What you will do –
Beginning with the line that holds "Mitsubishi Diamante 2002 photo 11" and ending with the last line of the entries, please output each line exactly, apart from any pictures.

Data supplied –
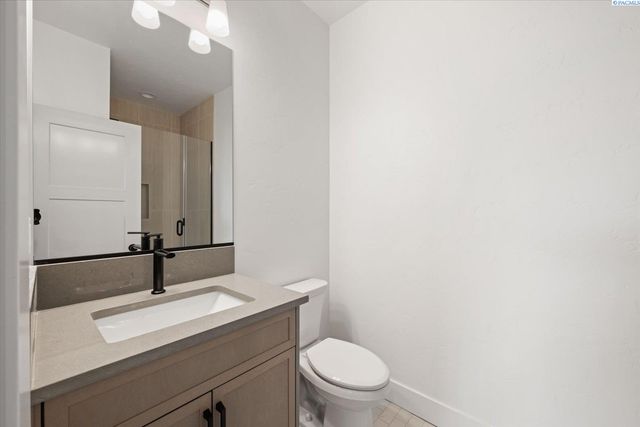 2385 Waterhill, Richland, WA 99352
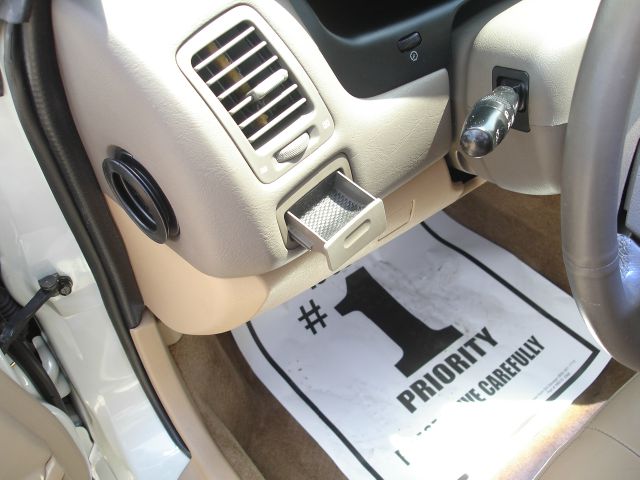 Mitsubishi Diamante 2002 photo 11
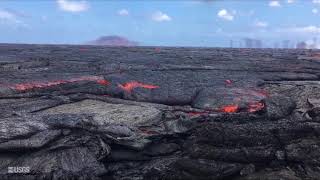 Lava from fissure 8 shows classic pahoehoe behavior [upl. by Ethbin]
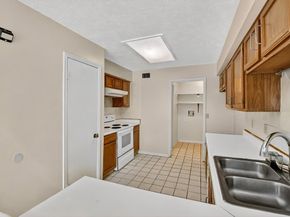 8667 Vinkins Road, Houston TX 77071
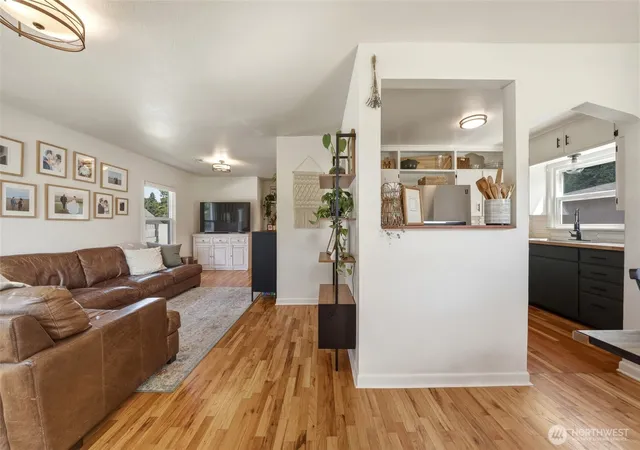 Photo 3 of Sale Pending at 525 Liberty St, Walla Walla, WA 99362 | MLS# NWM2573414 | Listing updated on 2026-09-25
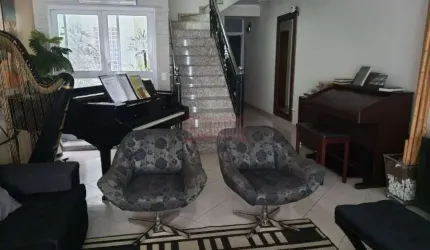 Sobrado à venda, 3 quartos, 3 suítes, 5 vagas, Jardim Monte Líbano - Santo André/SP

Output –
 Mitsubishi Diamante 2002 photo 11
 Lava from fissure 8 shows classic pahoehoe behavior [upl. by Ethbin]
 8667 Vinkins Road, Houston TX 77071
 Photo 3 of Sale Pending at 525 Liberty St, Walla Walla, WA 99362 | MLS# NWM2573414 | Listing updated on 2026-09-25
 Sobrado à venda, 3 quartos, 3 suítes, 5 vagas, Jardim Monte Líbano - Santo André/SP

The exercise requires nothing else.